Jean Mohr, John Berger, 1967 Courtesy the artist

Jean Mohr, John Berger, 1967
Courtesy the artist

I became interested in photography not by taking or looking at photographs but by reading about them. The names of the three writers who served as guides will come as no surprise: Roland Barthes, Susan Sontag, and John Berger. I read Sontag on Diane Arbus before I’d seen any photographs by Arbus (there are no pictures in On Photography), and Barthes on André Kertész, and Berger on August Sander without knowing any photographs other than the few reproduced in Camera Lucida and About Looking. (The fact that the photo on the cover of About Looking was credited to someone called Garry Winogrand meant nothing to me.)
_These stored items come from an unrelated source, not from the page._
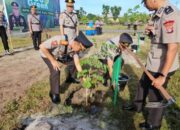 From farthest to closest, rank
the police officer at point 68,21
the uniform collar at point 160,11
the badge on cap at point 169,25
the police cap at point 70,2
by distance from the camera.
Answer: the police officer at point 68,21
the police cap at point 70,2
the uniform collar at point 160,11
the badge on cap at point 169,25

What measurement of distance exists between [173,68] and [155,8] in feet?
2.87

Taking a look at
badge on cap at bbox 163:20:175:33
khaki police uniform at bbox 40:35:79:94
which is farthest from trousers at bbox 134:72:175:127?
khaki police uniform at bbox 40:35:79:94

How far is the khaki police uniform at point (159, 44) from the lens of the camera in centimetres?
246

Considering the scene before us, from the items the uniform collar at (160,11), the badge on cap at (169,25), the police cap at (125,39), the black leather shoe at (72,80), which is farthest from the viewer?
the black leather shoe at (72,80)

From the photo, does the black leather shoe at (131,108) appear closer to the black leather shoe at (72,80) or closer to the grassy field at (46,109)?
the grassy field at (46,109)

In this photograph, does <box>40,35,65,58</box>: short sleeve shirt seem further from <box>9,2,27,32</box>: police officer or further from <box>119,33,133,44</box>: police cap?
<box>9,2,27,32</box>: police officer

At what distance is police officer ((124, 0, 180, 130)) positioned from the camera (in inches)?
97.4

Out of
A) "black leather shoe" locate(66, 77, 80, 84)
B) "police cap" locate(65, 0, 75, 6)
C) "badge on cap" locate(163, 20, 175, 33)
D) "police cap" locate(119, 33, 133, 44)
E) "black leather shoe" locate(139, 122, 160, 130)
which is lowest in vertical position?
"black leather shoe" locate(139, 122, 160, 130)

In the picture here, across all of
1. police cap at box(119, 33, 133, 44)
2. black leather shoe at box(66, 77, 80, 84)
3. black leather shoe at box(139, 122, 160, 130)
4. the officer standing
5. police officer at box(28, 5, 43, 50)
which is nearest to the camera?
black leather shoe at box(139, 122, 160, 130)

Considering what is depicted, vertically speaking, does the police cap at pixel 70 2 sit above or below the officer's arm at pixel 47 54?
above

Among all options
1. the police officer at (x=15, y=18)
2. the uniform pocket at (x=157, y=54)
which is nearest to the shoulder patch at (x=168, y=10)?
the uniform pocket at (x=157, y=54)

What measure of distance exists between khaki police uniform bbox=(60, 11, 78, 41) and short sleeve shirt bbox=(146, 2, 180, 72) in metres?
4.13

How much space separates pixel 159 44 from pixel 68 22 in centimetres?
452

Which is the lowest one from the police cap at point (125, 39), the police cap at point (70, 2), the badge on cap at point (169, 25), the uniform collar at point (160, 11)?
the police cap at point (125, 39) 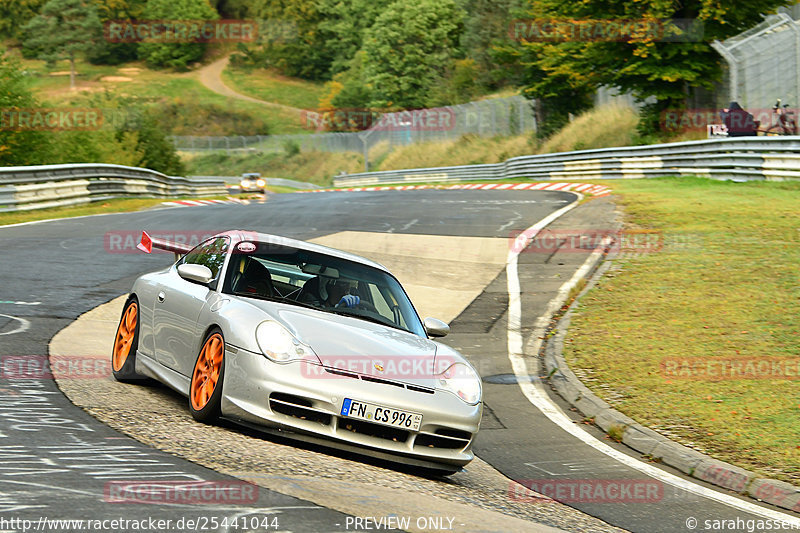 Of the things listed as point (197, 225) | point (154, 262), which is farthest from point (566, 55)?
point (154, 262)

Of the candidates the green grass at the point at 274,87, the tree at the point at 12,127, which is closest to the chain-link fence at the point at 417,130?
the tree at the point at 12,127

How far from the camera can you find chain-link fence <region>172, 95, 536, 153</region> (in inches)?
2370

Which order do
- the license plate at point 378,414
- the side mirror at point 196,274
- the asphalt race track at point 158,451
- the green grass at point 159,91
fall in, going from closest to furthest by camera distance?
the asphalt race track at point 158,451 < the license plate at point 378,414 < the side mirror at point 196,274 < the green grass at point 159,91

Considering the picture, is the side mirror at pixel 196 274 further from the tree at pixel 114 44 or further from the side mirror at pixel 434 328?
the tree at pixel 114 44

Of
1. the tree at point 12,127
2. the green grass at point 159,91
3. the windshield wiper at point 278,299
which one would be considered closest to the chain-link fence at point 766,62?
the tree at point 12,127

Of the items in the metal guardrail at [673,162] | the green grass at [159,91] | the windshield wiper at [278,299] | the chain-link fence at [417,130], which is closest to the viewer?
the windshield wiper at [278,299]

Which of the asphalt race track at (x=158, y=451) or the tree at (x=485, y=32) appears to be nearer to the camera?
the asphalt race track at (x=158, y=451)

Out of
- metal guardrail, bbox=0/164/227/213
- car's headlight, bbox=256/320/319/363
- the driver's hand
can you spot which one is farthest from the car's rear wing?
metal guardrail, bbox=0/164/227/213

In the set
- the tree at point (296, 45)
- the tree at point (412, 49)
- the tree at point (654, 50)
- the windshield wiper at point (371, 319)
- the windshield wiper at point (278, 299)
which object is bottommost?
the windshield wiper at point (371, 319)

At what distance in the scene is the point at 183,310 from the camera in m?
7.71

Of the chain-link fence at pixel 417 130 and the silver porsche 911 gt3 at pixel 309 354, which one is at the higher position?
the chain-link fence at pixel 417 130

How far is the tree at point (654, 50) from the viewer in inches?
1503

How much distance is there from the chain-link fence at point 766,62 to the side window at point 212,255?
28.4 m

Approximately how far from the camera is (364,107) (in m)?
111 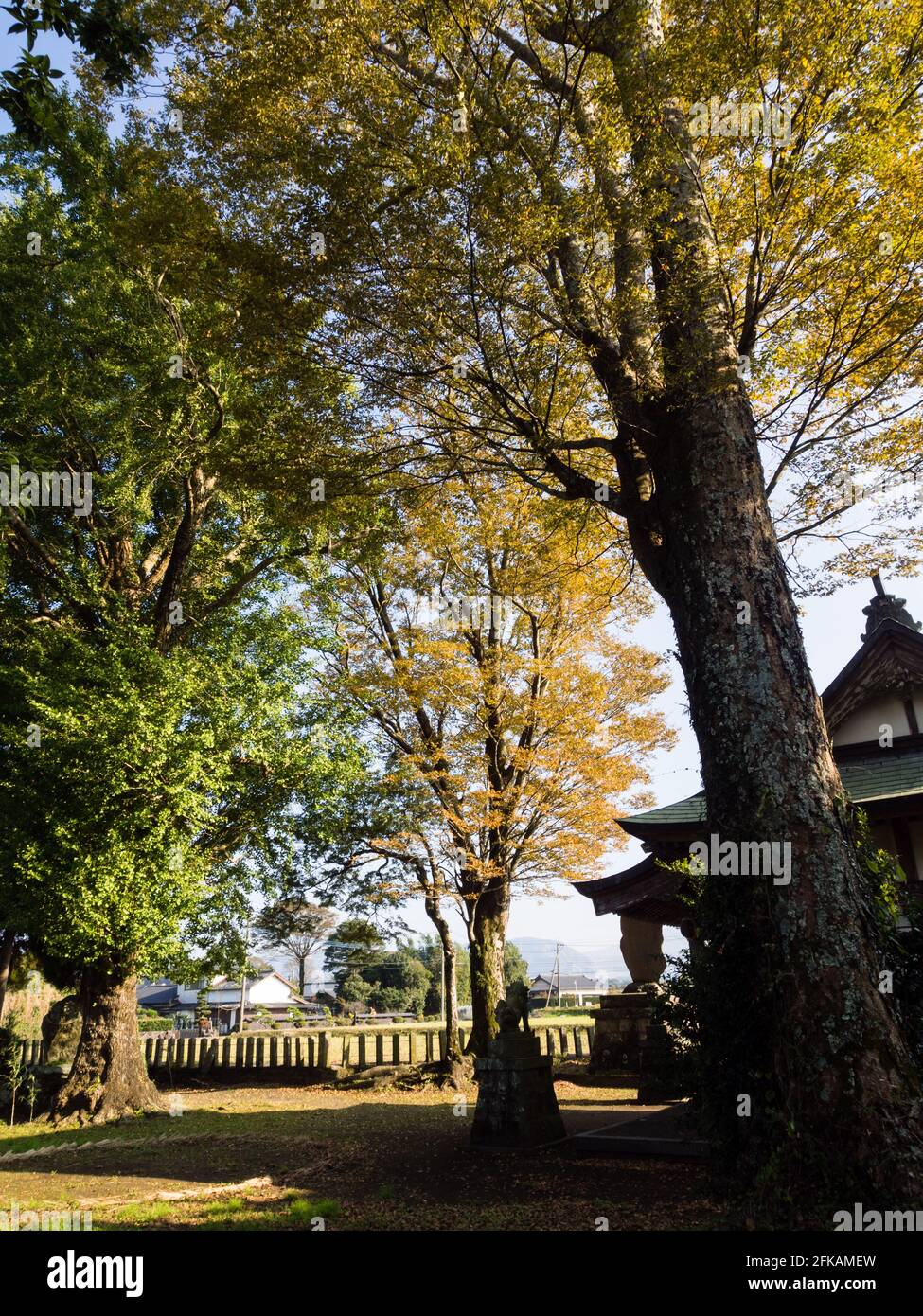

Berger was indebted to both of the others. Dedicated to Sontag, the 1978 essay “Uses of Photography” is offered as a series of “responses” to On Photography, published the previous year: “The thoughts are sometimes my own, but all originate in the experience of reading her book.” Writing about The Pleasure of the Text (1973), Berger described Barthes as “the only living critic or theorist of literature and language whom I, as a writer, recognise.”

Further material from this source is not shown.